Your employee contributions, Agency/Service Automatic (1%) Contributions, and Agency/Service Matching Contributions, as well as loan payments and transfers from other eligible retirement plans, are all used to purchase shares in each TSP fund based on your contribution allocation.
For example, if your employee contribution each pay period is $100 and you have elected to invest in one TSP fund, $100 will be used to purchase shares in that fund. The calculation is done the same way if you’re eligible for Agency/Service Automatic (1%) Contributions and Agency/Service Matching Contributions.
The number of shares purchased by each contribution source is calculated by dividing the contribution ($100 in the above example) by the applicable share price. The number of shares purchased is then rounded to four decimal places.
When you borrow or withdraw from your TSP account, the shares are sold from your account at the applicable share price. The number of shares sold is calculated by dividing the amount required from each fund/source combination by the share price for that fund. The result is rounded to four decimal places.
On some days, the percentage change in the I Fund share price that we report can be significantly different from the percentage change reported for the MSCI EAFE (Europe, Australasia, Far East) Index, which the I Fund tracks.
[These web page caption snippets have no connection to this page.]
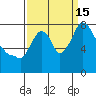 Coyote Creek tide chart for Wednesday, September 15, 2021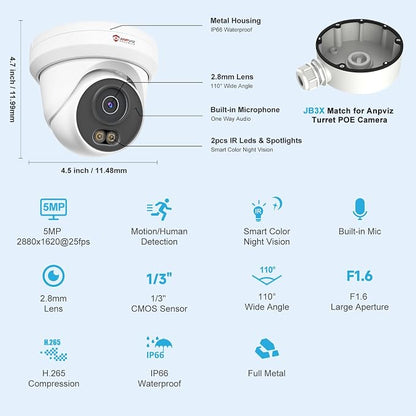 Anpviz 2-Pack 5MP PoE IP Camera, Turret Security IP Camera Outdoor Wired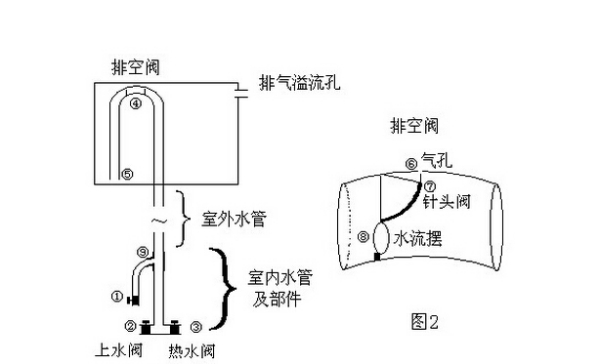 广告灯与阀门智能化的关系，探讨现代科技在照明与流体控制领域的融合,可靠计划策略执行_限量版36.12.29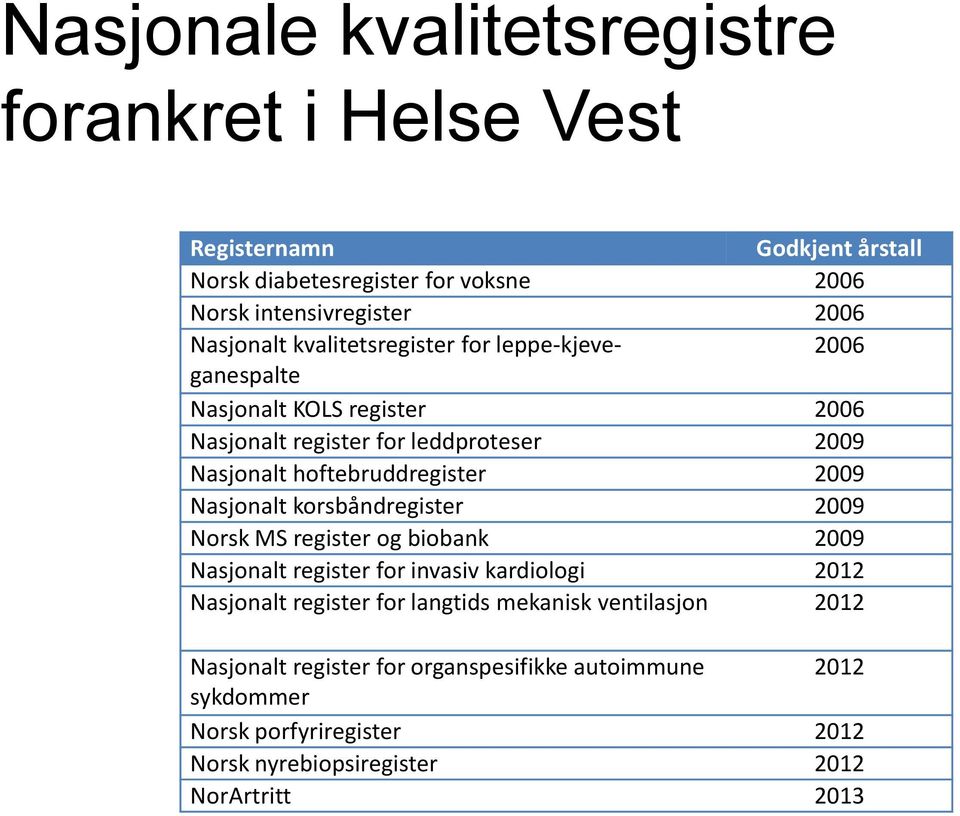 hoftebruddregister 2009 Nasjonalt korsbåndregister 2009 Norsk MS register og biobank 2009 Nasjonalt register for invasiv kardiologi 2012 Nasjonalt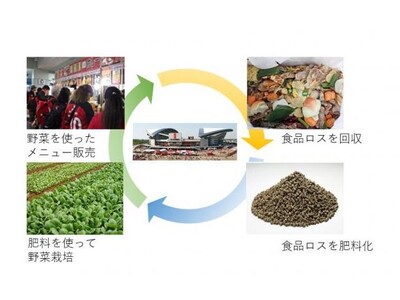 【埼玉県・埼スタフードサイクルプロジェクト】食品ロスで野菜を栽培！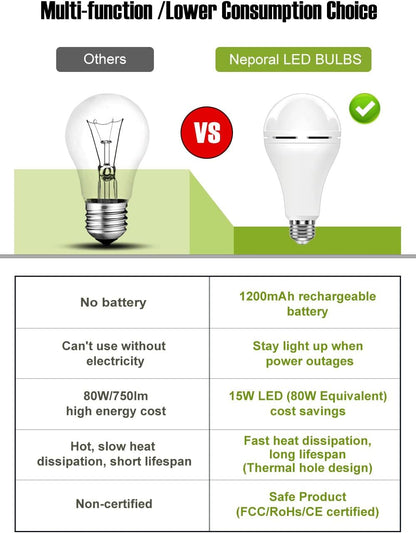 Neporal 4 Pack Emergency-Rechargeable-Light-Bulb, Stay Lights Up When Power Failure, 1500mAh 15W 80W Equivalent LED Light Bulbs for Home, Camping, Tent (E27, with Hook) (Daylight)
These differences usually occur when our investment manager finds it necessary to reprice its EAFE Equity Index Fund, in which we invest, to reflect changes that happen after international markets close.
This adjustment process, known as “fair valuation” or “fair value pricing”, occurs when there are U.S. market or currency movements between the time international markets close and 4:00 p.m., eastern time, when the EAFE Equity Index Fund share prices are determined. International markets around the world close in different time zones.
For example, the Far East markets close at 3:00 a.m., Eastern time. If there is a major event afterwards—whether a natural disaster or even a major U.S. market swing that affects the pricing of the stocks in the EAFE Equity Index Fund—without fair value pricing, that event’s impact on share pricing would be ignored. That is, the price information from the international markets can become “stale”, or out of date, by the close of the U.S. markets at 4:00 p.m., Eastern time—a full 13 hours later. Without fair value pricing, market timers could buy the I Fund and sell their holdings on the following day in order to benefit from the “stale” pricing. They would accomplish this transaction at the expense of other investors in the fund.
Fair value pricing ensures that traders do not benefit from trading on stale prices. It prevents traders from using events that may have occurred between the close of international markets and the close of the U.S. market, which may have affected EAFE Index Fund prices, to achieve an unfair trading and profit advantage at the expense of long-term shareholders.